Does anybody know if the bass are still being caight deep here? Or have they moved back up? Thanks

Outdoor Hub mobile, the outdoor information engine


----------



## cane pole (Nov 27, 2011)

I haven't been there for about 3+ weeks but I would definitely say there deep.
3+ weeks ago I caught two nice LM while drop shot with a 4in watermelon worm. 16 ft. Water.
Also caught a 4 lb+ brown fish in 22 ft on venom big shot tube green pumpkin with a large glass rattle. Picked it up & swam towards the boat.
With the weather we have been having they probably can't get deep enough.

But that's just a guess


----------



## basshunter12 (Dec 2, 2010)

I havent fished there much lately even though I live 2 minutes from there. Lol. But ive caught some dinks up shallow last week but not a thing over 12, inches. Hopefully ill do better tonorrow. Thinking about fishing the tournament tomorrow even though I have no idea where the fish are.
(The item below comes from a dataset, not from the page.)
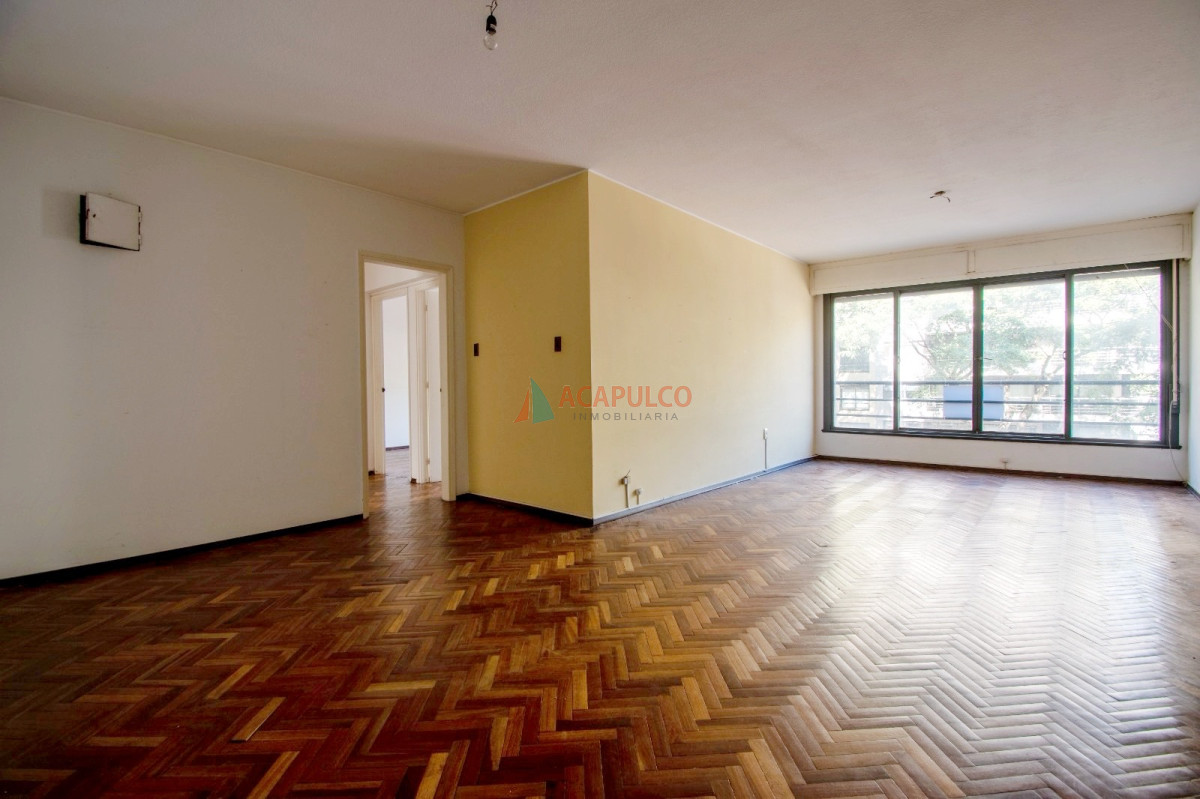 Apartamento Ref.1057 - Venta apartamento en Pocitos 4 dormitorios, 2 baños y garaje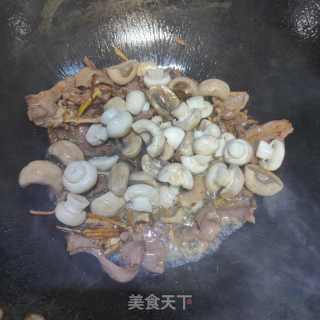 猪心炒口蘑的做法步骤：8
So we'll see how that goes

Outdoor Hub mobile, the outdoor information engine


----------



## petewv (May 4, 2010)

i sent basshunter 12 a pm . did you receive it ? i am not sure it was sent.


----------



## basshunter12 (Dec 2, 2010)

I got messages but u didnt write anything haha

Outdoor Hub mobile, the outdoor information engine


----------



## petewv (May 4, 2010)

1.	i just saw your message i was looking in the wrong place l.o.l. i was thinking a e -mail would show up on my yahoo account also did not know that i had to log in. sorry for the late reply. . Would there be any fishing in the tail waters in the late fall or early spring. can you fish from the bank in the tail waterarea for smallmouth or what ever . the reason for the ? s is i have never seen the lake. i need to take a trip to the lake to see what it looks like. Does any one fish for saugeye or walleye on the lake or in the tail water. Is salt fork a good lake to fish does a lot or people fish there?
. thinks for the information 
Pete
i posted it here so i can see that it went . i also sent the same message in the pm did you get it ?


----------



## MuskieWolverine (May 16, 2012)

Shoot me a PM. I know some great spots for what you're looking for..without giving up my favorite hole!


----------



## Sr.Jigger (Feb 17, 2005)

I'm not a big bass fisherman but I can tell you The water temp is right at 84 degrees and water clarity is normal ( cloudy). Water level is normal for summer despite the lack of rain. Spillway gates shut down tight. The bass I've caught where all about 10'-15' and sonar shows most fish 12' deep or deeper. It's been a tuff bite out there at best. The water is really like pee warm. Bass are funny. I'd look for locations with shallow weeds close to deep water. The weeds are growing in most 7' or less water in the bay's. I believe the dam end of the lake gets better as the summer burns on. deeper water close by.


----------